**Input data:**
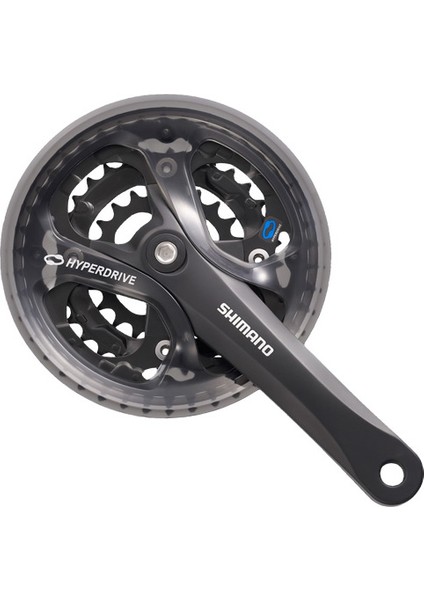 Aynakol Acera FC-M361 42x32x22T 7-8S Siyah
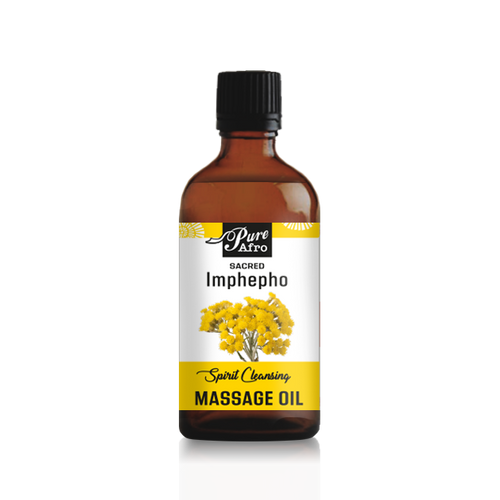 Imphepho Massage Oil 100ml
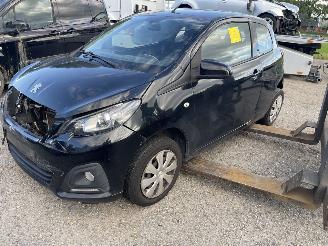  Peugeot 108 1.0 VTI 2014/1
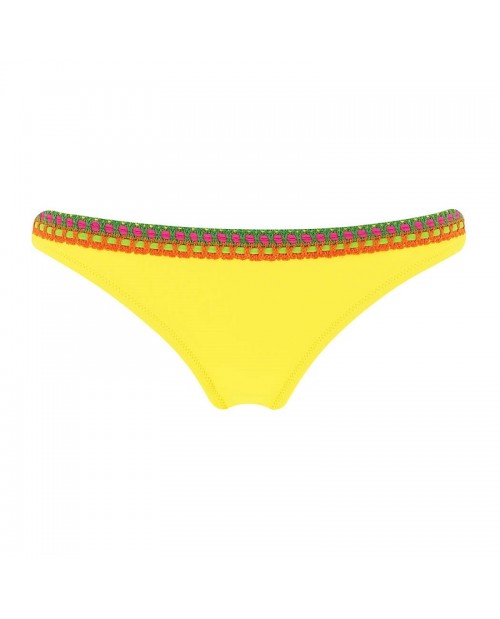 Slip bikini seduction EBA0702 giallo Antigel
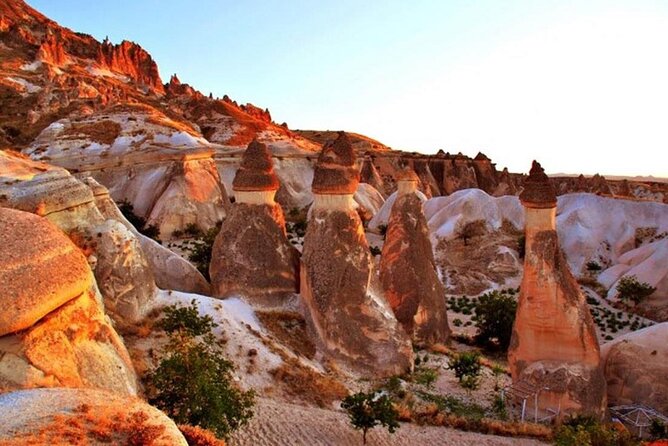 Full-Day Tour in Cappadocia (Small Group) - Common Questions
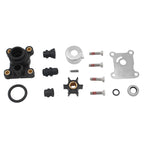 Water Pump Impeller Kit for Johnson Evinrude OMC (389112, 386697)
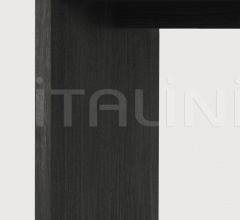 Итальянские Письменные столы - Письменный стол Oak U black desk Итальянские Письменные столы - Письменный стол Oak U black desk фабрика Ethnicraft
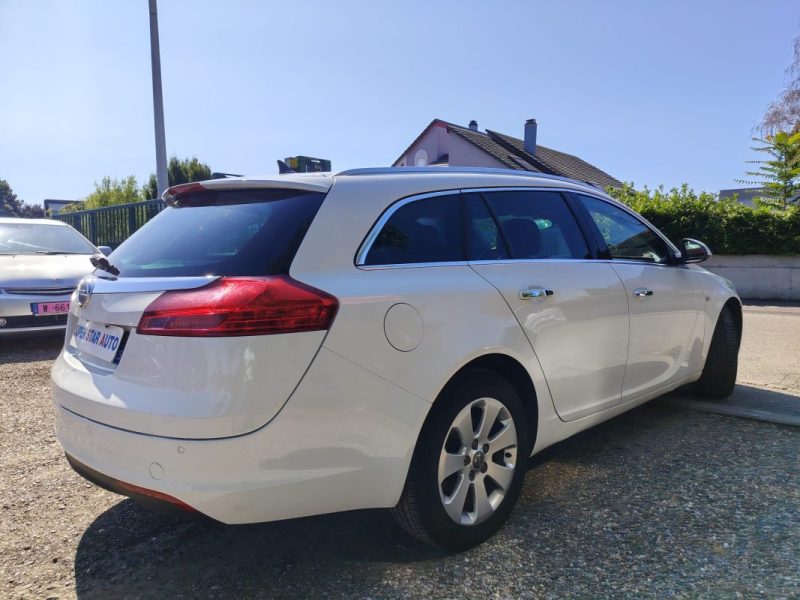 OPEL INSIGNIA A SPORT TOURER  2.0 CDTI 130 COSMO PACK INNOVATION 2013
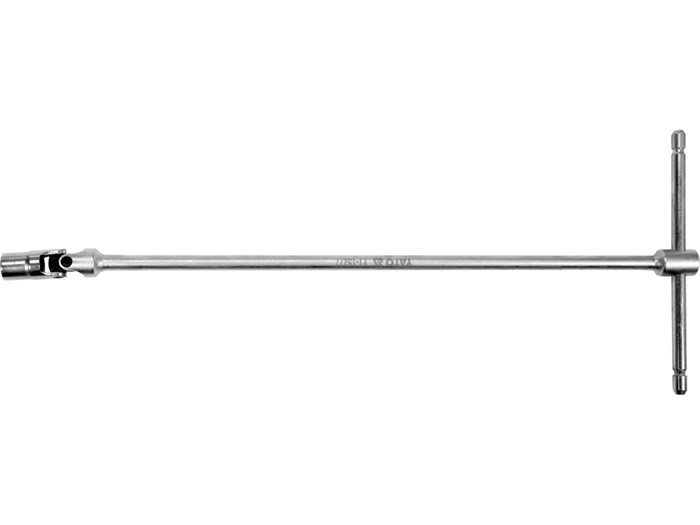 T-kahva nivelöity hylsyavain 12 mm YATO Yato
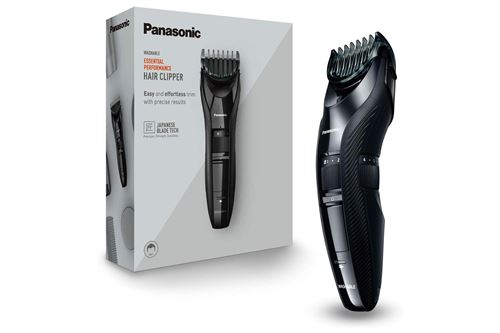 Panasonic Noir Er-Gc53-K503 - Image 3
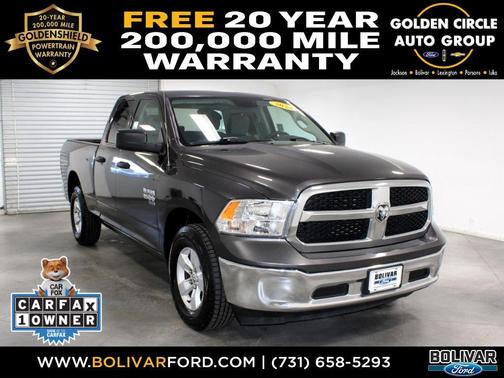 2024 RAM 1500 Classic SLT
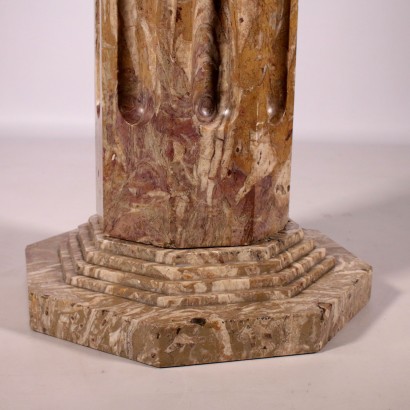 Alabaster Column 20th century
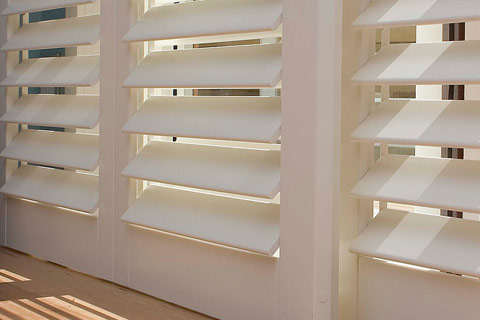 Materials & Finishes - Shutters By Design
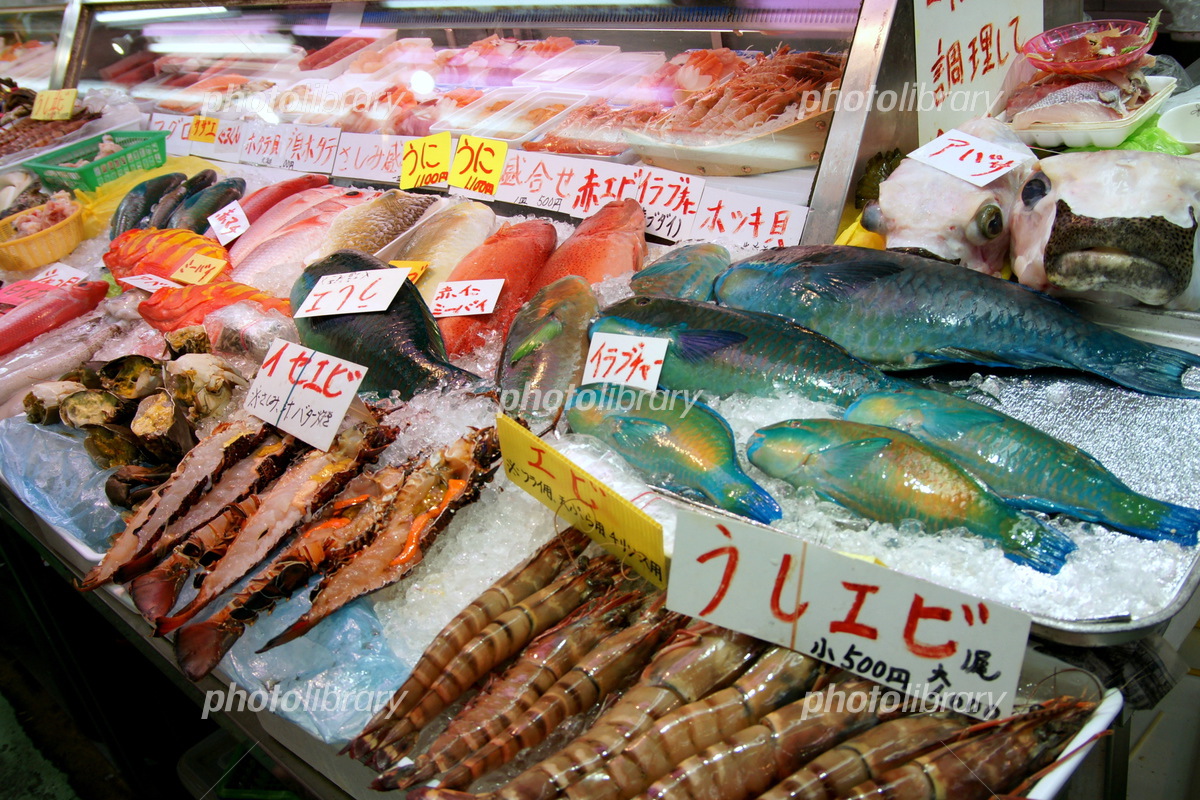 沖縄のカラフルな魚を料理して楽しむClub Traveler クラブトラベラー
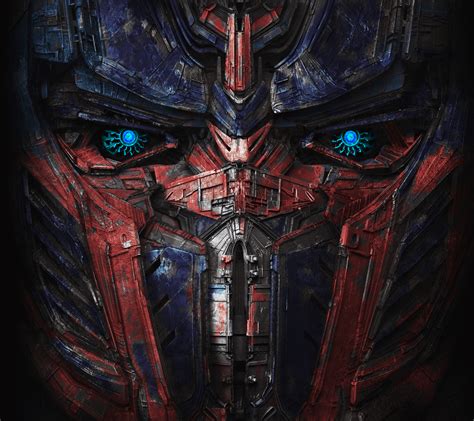 Transformers G1 Optimus Prime Face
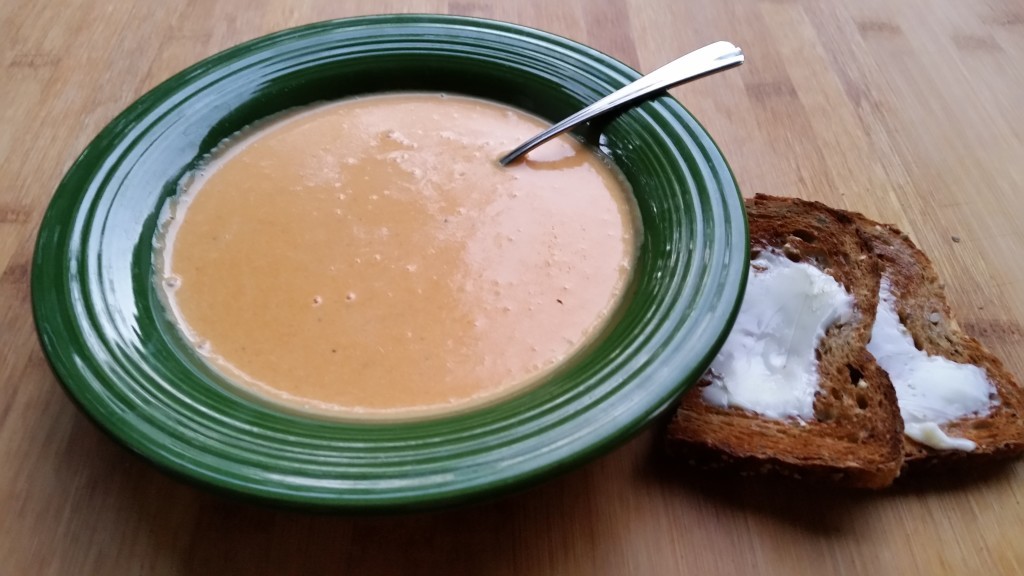 carrot soup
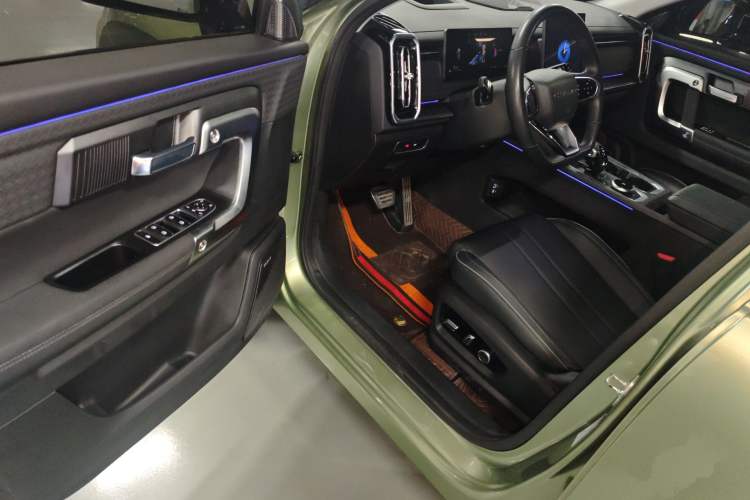 Used Chery Explore 06 2023 YUEYE Edition 1.6T Four-Wheel Drive Adventure
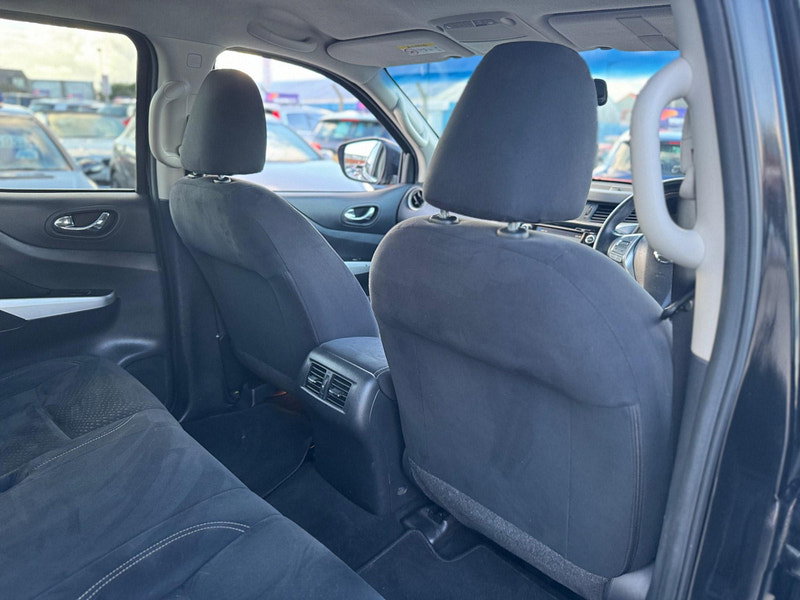 Nissan Navara 2.3 dCi N-Connecta Auto 4WD Euro 5 4dr 4dr Automatic 2026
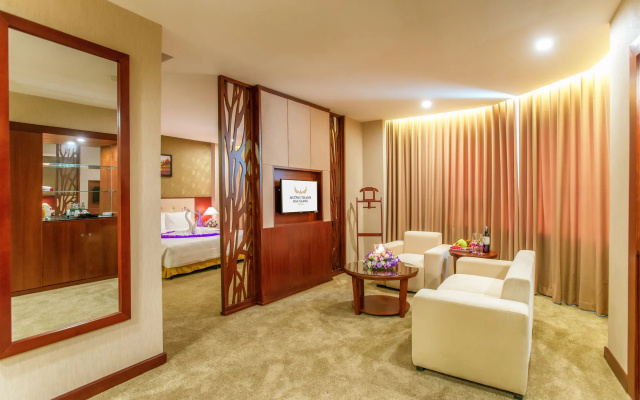 Muong Thanh Luxury Bac Giang Hotel
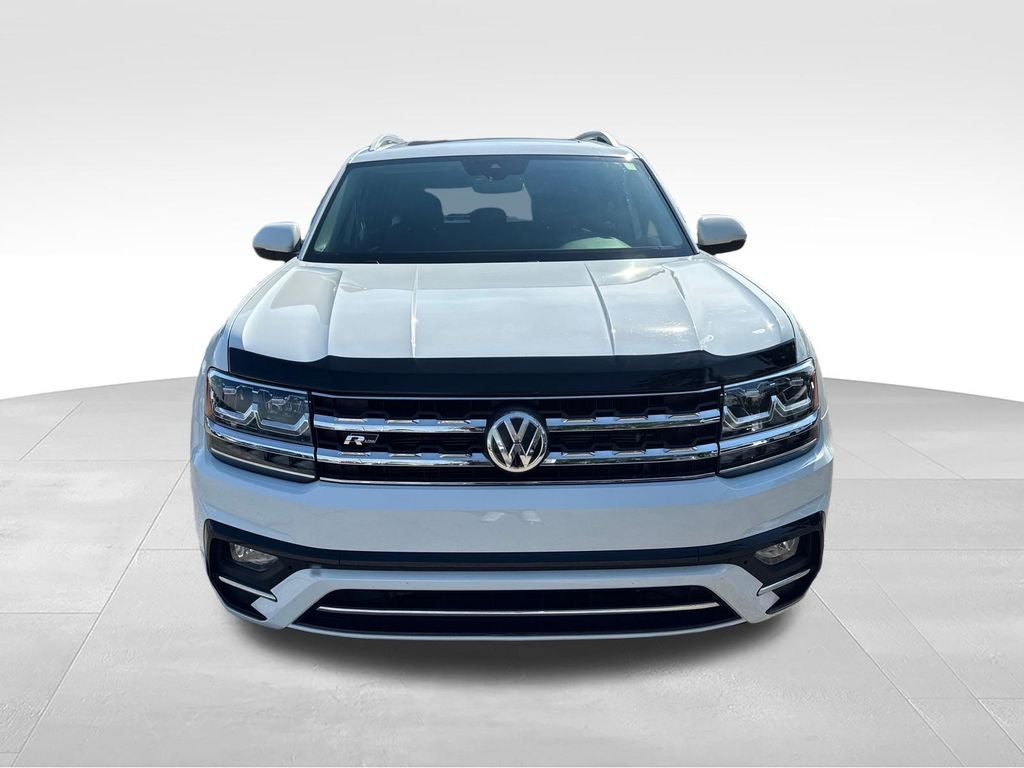2019 Volkswagen Atlas 3.6L V6 SE R-Line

**Task statement:** Your task is to retype the listing exactly, without its pictures.

**Expected answer:**
 Aynakol Acera FC-M361 42x32x22T 7-8S Siyah
 Imphepho Massage Oil 100ml
  Peugeot 108 1.0 VTI 2014/1
 Slip bikini seduction EBA0702 giallo Antigel
 Full-Day Tour in Cappadocia (Small Group) - Common Questions
 Water Pump Impeller Kit for Johnson Evinrude OMC (389112, 386697)
 Итальянские Письменные столы - Письменный стол Oak U black desk Итальянские Письменные столы - Письменный стол Oak U black desk фабрика Ethnicraft
 OPEL INSIGNIA A SPORT TOURER  2.0 CDTI 130 COSMO PACK INNOVATION 2013
 T-kahva nivelöity hylsyavain 12 mm YATO Yato
 Panasonic Noir Er-Gc53-K503 - Image 3
 2024 RAM 1500 Classic SLT
 Alabaster Column 20th century
 Materials & Finishes - Shutters By Design
 沖縄のカラフルな魚を料理して楽しむClub Traveler クラブトラベラー
 Transformers G1 Optimus Prime Face
 carrot soup
 Used Chery Explore 06 2023 YUEYE Edition 1.6T Four-Wheel Drive Adventure
 Nissan Navara 2.3 dCi N-Connecta Auto 4WD Euro 5 4dr 4dr Automatic 2026
 Muong Thanh Luxury Bac Giang Hotel
2019 Volkswagen Atlas 3.6L V6 SE R-Line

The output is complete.